Monday, November 15, 2010

Prepping the Ground pt 3

Prepping the Ground pt 3

I have had the distinct pleasure of knowing the Mathers.  Cam and Michelle are truly inspirational when it comes to all things gardening.  They have a combined gardening knowledge that astounds.  It is because of them that our garden this year was exceptional and far less trial and error.

Last May, I was able to attend a seminar that Cam was hosting at Burt's Greenhouses in Odessa.  It was a fantastic overview on how to start, maintain and relish your garden.  Cam is a garden fanatic of sorts and his enthusiasm is contagious.  He also happened to have his new book available after the seminar.  Lucky me I was able to snag one...but if you have someone who's a gardener on your Christmas list...feel free to pick one or two of them up here:

It is without a doubt the only gardening book I've ever read cover to cover....its that readable!

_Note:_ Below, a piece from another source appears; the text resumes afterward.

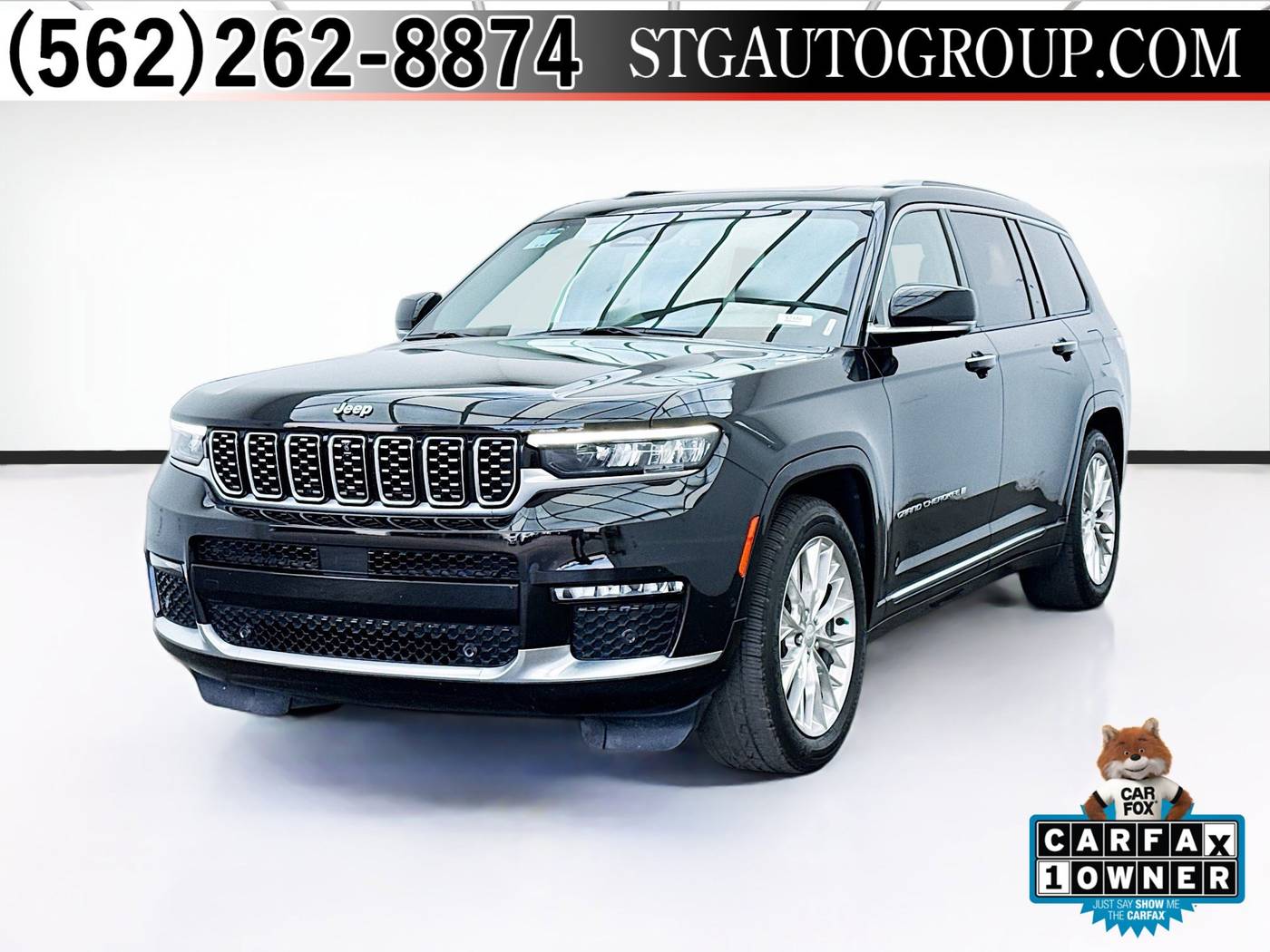 2021 Jeep Grand Cherokee Summit — SUV — 46,643 mi — Bellflower, CA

Now, about that manure.  It is in the aforementioned book that I discovered the true value of manure.  We are finally at a point in our lives (my husband and I) that we were able to grow asparagus.  It takes about 3 years before you can  harvest the asparagus after its planted.  A very kindly neighbour of ours (Thanks again Mrs Goodberry!) showed up one afternoon with a basket full of new asparagus seedlings.  I had no idea how to grow asparagus.  My family had been through 4 years of moving once a year.  The garden selections were strickly annuals.   

It was in Cam Mather's book that I discovered that you have to "do your part" as he says.  Yes, asparagus is the gift that keeps on giving, but you should assist it when you can.  Manure is the best way to boost your it has been traditionally grown in it for centuries.

The absolute best time of year to buy manure (unless you are in a rural area and can get some from nearby farms) is late summer or fall.  Garden centers will be wanting to get rid of this garden gold.  We picked up the stack shown above for only $1.99 a bag.  How's that for 'small purse'?  We choose a mix of sheep and cow.  There's no real reason, mind you, just personal preference.  If we had chickens at the house, my husband would skip buying manure and just shovel out the coop. 

Reading Cam Mather's book, I learned that you add manure in the spring to give the plant roots plenty of minerals and nitrogen to grow.  The result?  A very tall hedge of asparagus.  The lesson learned?  I wouldn't have planted the asparagus on the side that blocks all of the morning sun...but I was thrilled that the manure had such an effect!